I know a coder who gets paid three hundred thousand a year because he is one of the best around and the company for which he works wants to keep him for as long as possible. Coding is the next big thing and everyone will make oodles of money at it. No, they won't. People fail to understand that you have to be _good_ at something to make a lot of money, and most people aren't anywhere near good at what they do. Going into an industry solely for the money probably isn't a good idea, either. Coding some app or throwing your idea on Kickstarter isn't going to make you rich just because you know how or think yourself special. It either has to be really interesting or useful or you have to find a lot of stupid people to buy it, but it's not like there is a shortage of those around. 

I'm feeling really cynical tonight. 

NB: "You" is used in a general way and doesn't actually mean chanteuse.


----------



## chanteuse (May 30, 2014)

Doktorin Zylinder said:


> In my experience, that is very true. Pretty much every industry is oversaturated with people who are the pinnacle of mediocrity that anyone asking for career advice, now, is screwed. Most of the people who come on here aren't geniuses nor are they extremely talented. I've been around the block and I know a few things. Am I to tell everyone that the chances of them doing what they really want is a pipe dream? Well, it's gotten to that point. The arts and soft sciences aren't really hiring and STEM is on its way out, as well, because everyone is being told to go into STEM. Guess what, people? If you all go into the field that has good job prospects and a decent salary, the sheer numbers are going to lower wages and increase competition for getting those limited positions, but no one paid attention in Economics 101, now, did they? It's more complicated than that, but I'm really not in the mood to explain at the moment. A lot of trades are paying more than STEM jobs but there is a stigma against blue collar work and getting your hands dirty.
> 
> I know a coder who gets paid three hundred thousand a year because he is one of the best around and the company for which he works wants to keep him for as long as possible. Coding is the next big thing and everyone will make oodles of money at it. No, they won't. People fail to understand that you have to be _good_ at something to make a lot of money, and most people aren't anywhere near good at what they do. Going into an industry solely for the money probably isn't a good idea, either. Coding some app or throwing your idea on Kickstarter isn't going to make you rich just because you know how or think yourself special. It either has to be really interesting or useful or you have to find a lot of stupid people to buy it, but it's not like there is a shortage of those around.
> 
> ...


I hear you! Someone like you who've seen worker bees at various companies and entities no doubt would feel like a cynic when frustration gets you.

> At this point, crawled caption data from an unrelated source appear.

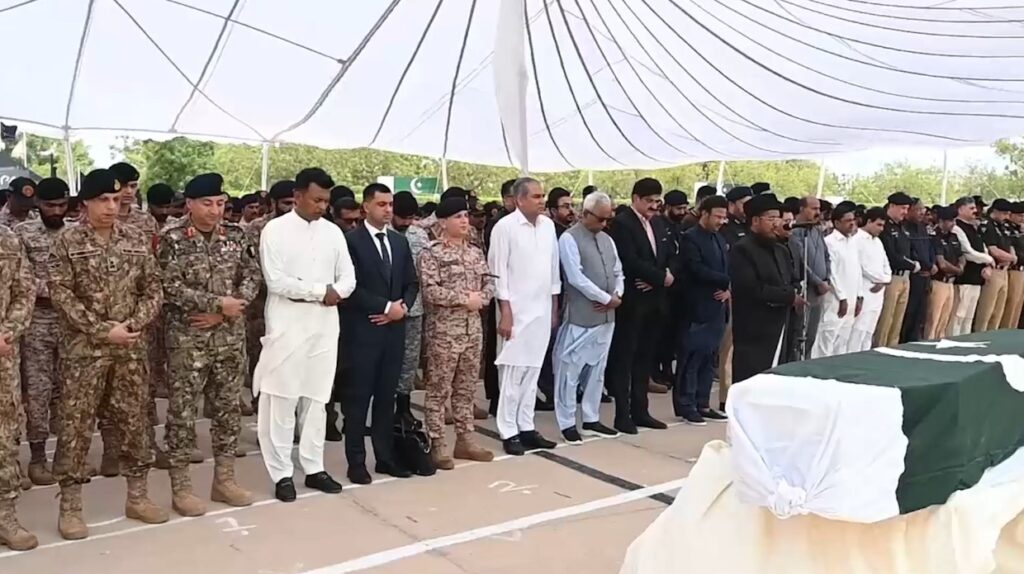 Funeral ceremony held for Pakistan Rangers personnel killed in the Karachi attack.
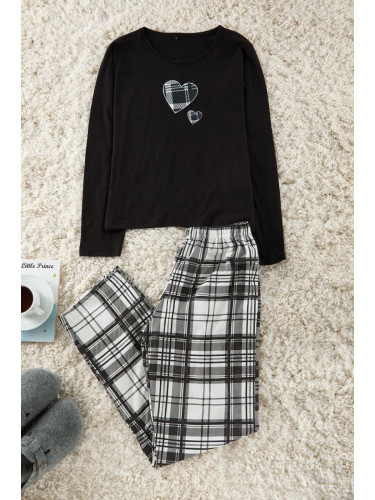 Trendyol Black Cotton Heart Plaid Knitted Pajama Set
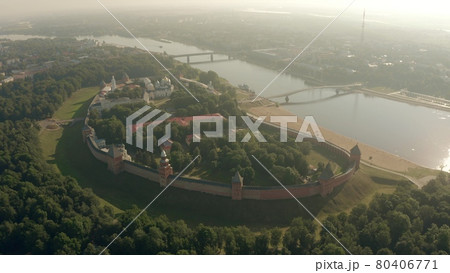 Aerial shot of the Veliky Novgorod Kremlin fortress and the Volkhov River in Russia 80406771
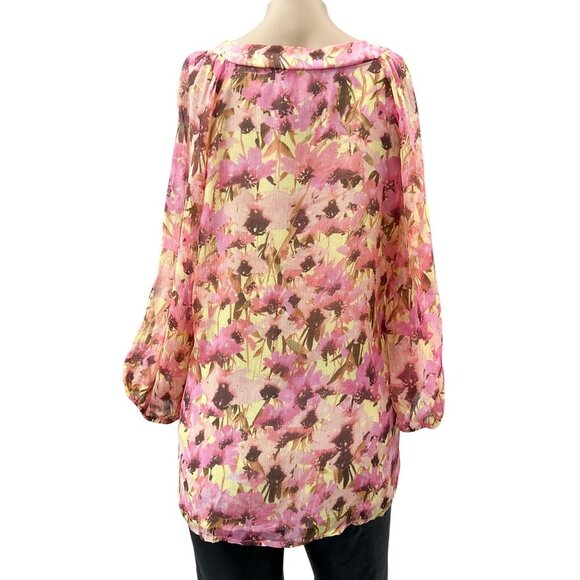 Sundance Silk Boho Floral 3/4 Sleeve V-Neck Tunic Top Watercolor Pink Women S - Picture 2 of 10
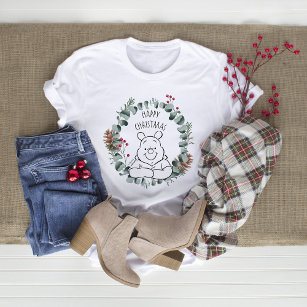 Pooh   Happy Christmas Wreath T-Shirt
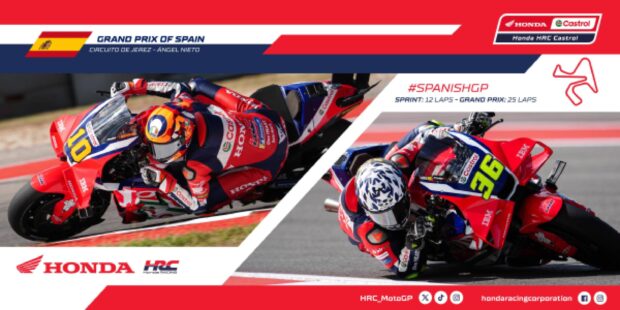 Moto Honda RC213V del team HRC Castrol in pista a Jerez, circuito MotoGP 2026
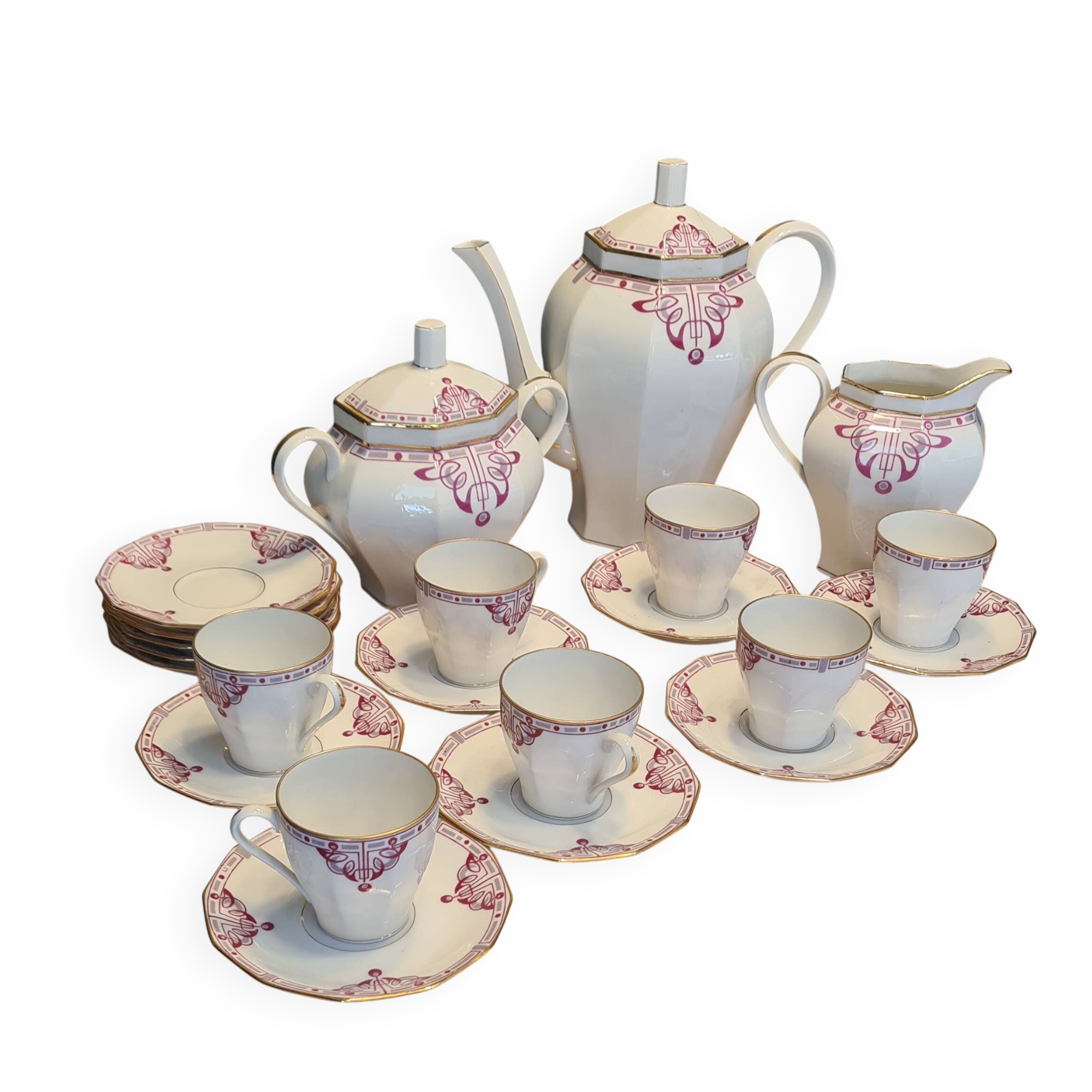 Art Nouveau café service Limoges BRP Bernardaud and Raynaud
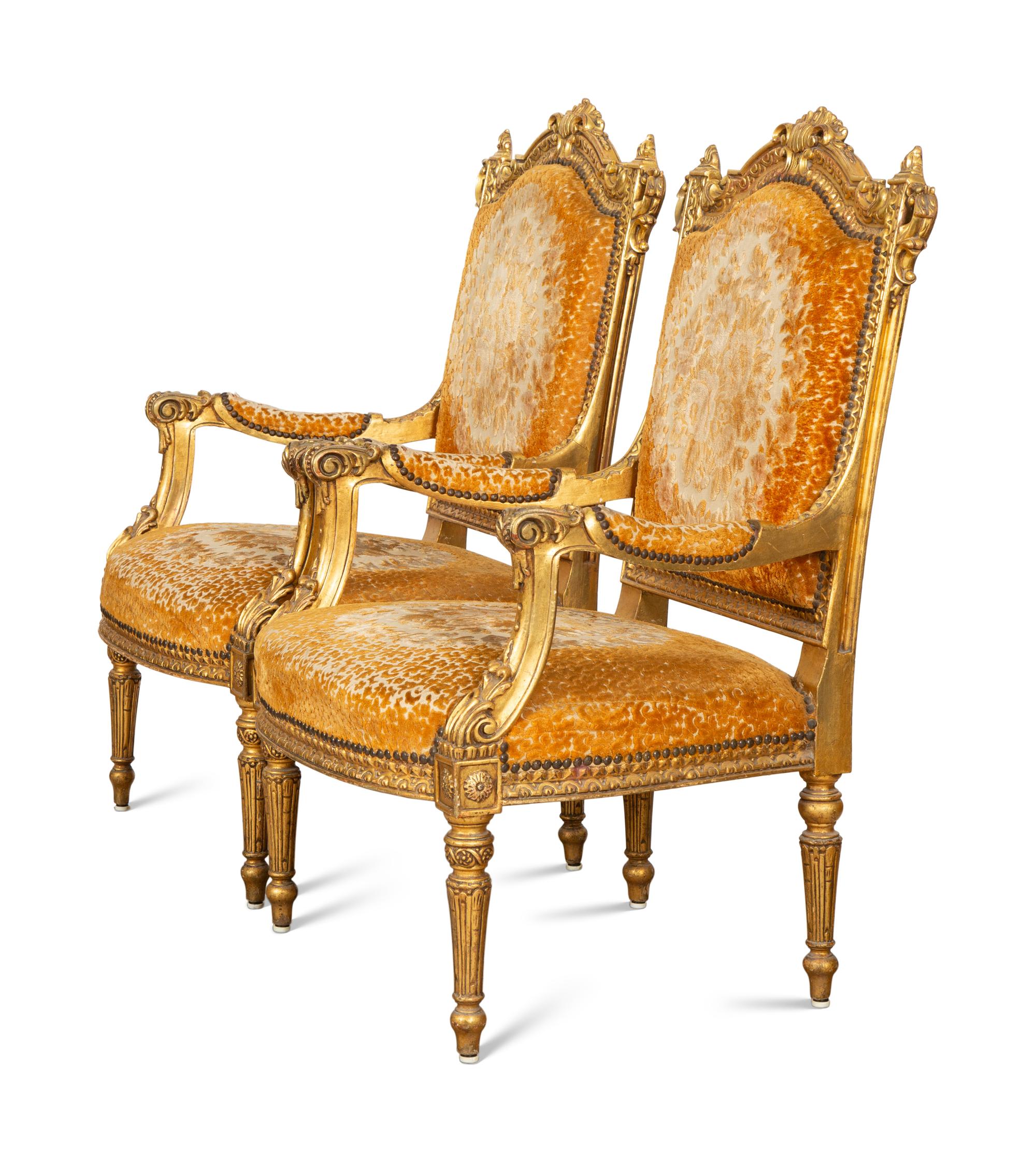 A Pair of Louis XVI Style Giltwood Fauteuils a la Reine
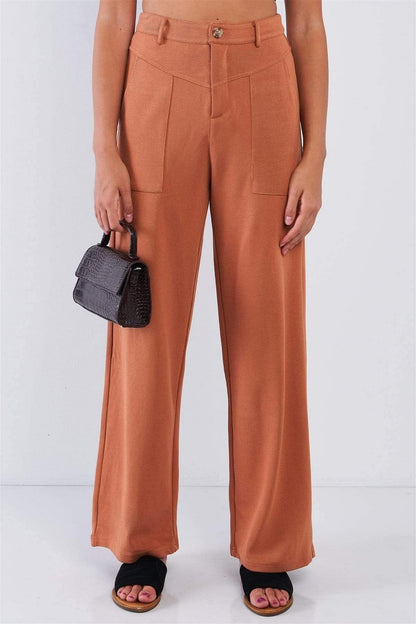 Orange High Waisted Wide Leg Pants - Shopping Therapy, LLC 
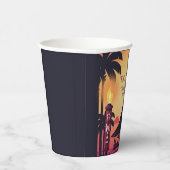 Farbenfrohe Tiki Hawaiian Birthday Party Pappbecher (Rechts)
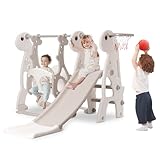 YULEYU Kleinkindrutsche Set, Indoor Baby Rutsche Kletter Freistehendes Spielset mit Basketball-Reifen & Höhenverstellbare Schaukel (Grau)
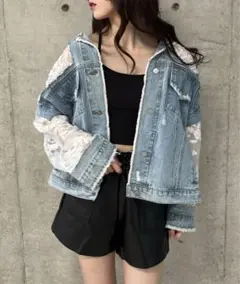 デニムレースオーバーサイズジャケット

But it's such a catch 22 for ppl who have passion for something but not talented enough to cut it. Or those who are talented but the field isn't "profitable". Most ppl just "fell into" a career. Some swim. Some sink. Some have the singular talent at self sobotaging. Some are so likeable that they can coast thru out.

I don't have any good suggestion to the young. The bell curve tells me that most ppl are mediocre. They can pretty much choose most careers. With hard work and ppl skill shall be adequate, like a worker bee should. 

Sometimes I cringe hearing kids be told "you can be what you want to be, astronaut, president, or doctor."; pipe dreams for most ppl who never quite sure what they want and good at.

I agree with you on the notion of blue collar jobs NOT being inferior. I bet a garbage collector in New Jersey makes more than a bottom feeding coder.


----------